My expectation was that, when I disable a NIC, iterating over all existing NICs would show the disabled NIC as disabled. That is not what happens. What happens is that the NIC is just not in the list of existing NICs anymore, even though the windows dialog will still show it (as disabled).
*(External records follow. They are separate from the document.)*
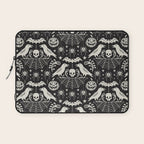 All Hallows' Eve - Black Ivory Halloween Laptop Sleeve Gallery Image 1
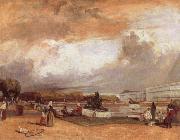 Richard Parkes Bonington Water Basin at Versailles oil painting artist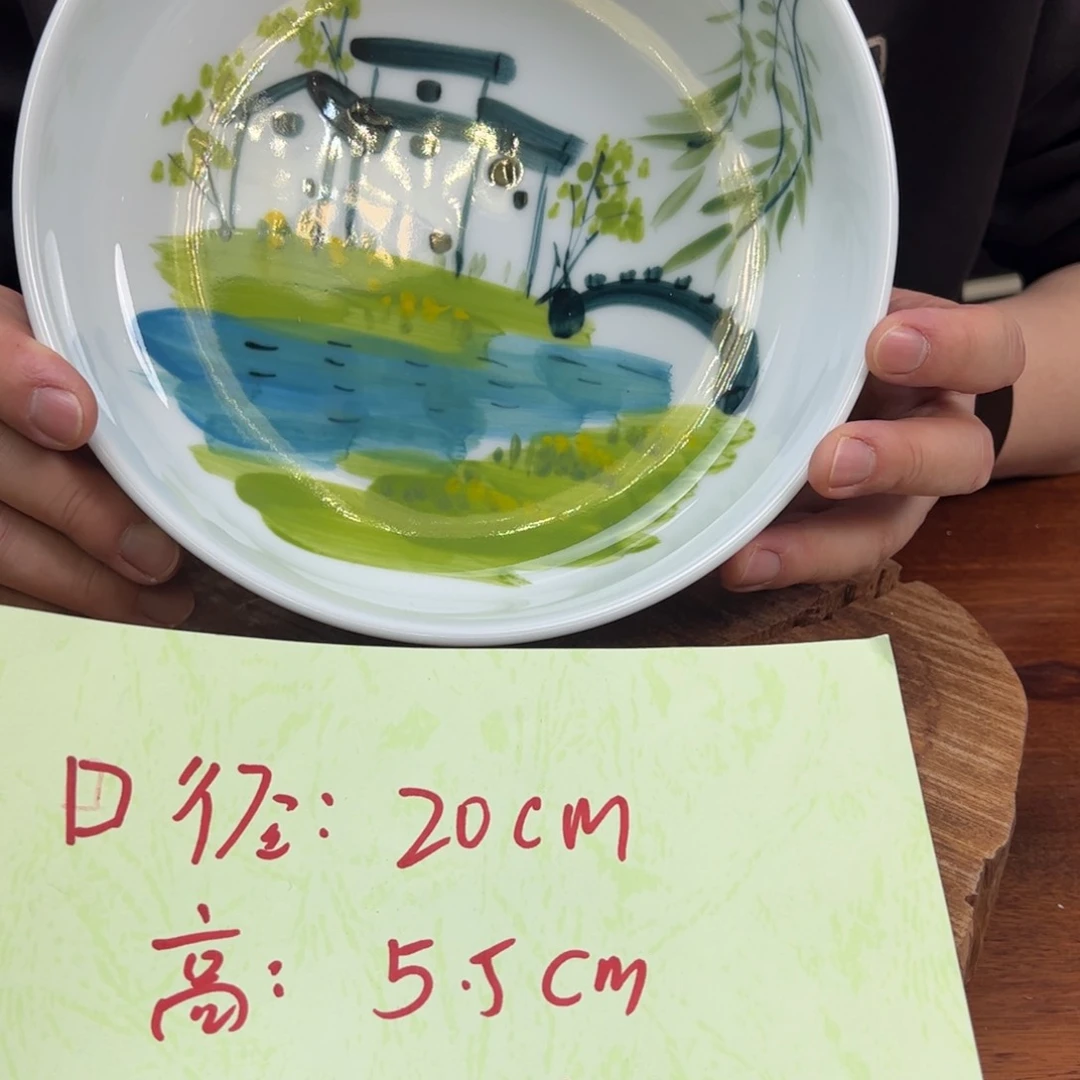 瓷片景德镇瓷器手工手绘制作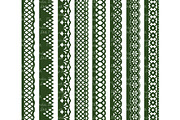 Forest Green Vector Lace Borders, an Illustration by Amanda Ilkov (Thumbnail 5 of 5)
That is somewhat suprising to me but not all that unreasonable I guess.

Before I had these checks to detect changes in the NICs:

Did the NIC exist before, was enabled and is now disabled -> disable notification
Did the NIC exist before, was disabled and is now enabled -> enable notification
Did the NIC not exist before, is not enabled -> enable notification

And the fix was adding a fourth one:

Is there an existing NIC that was not in the list of NICs anymore -> disable notification

I'm still not 100% happy that there is the possibility of getting a somewhat ambiguous error on a race condition, but I might call it a day here.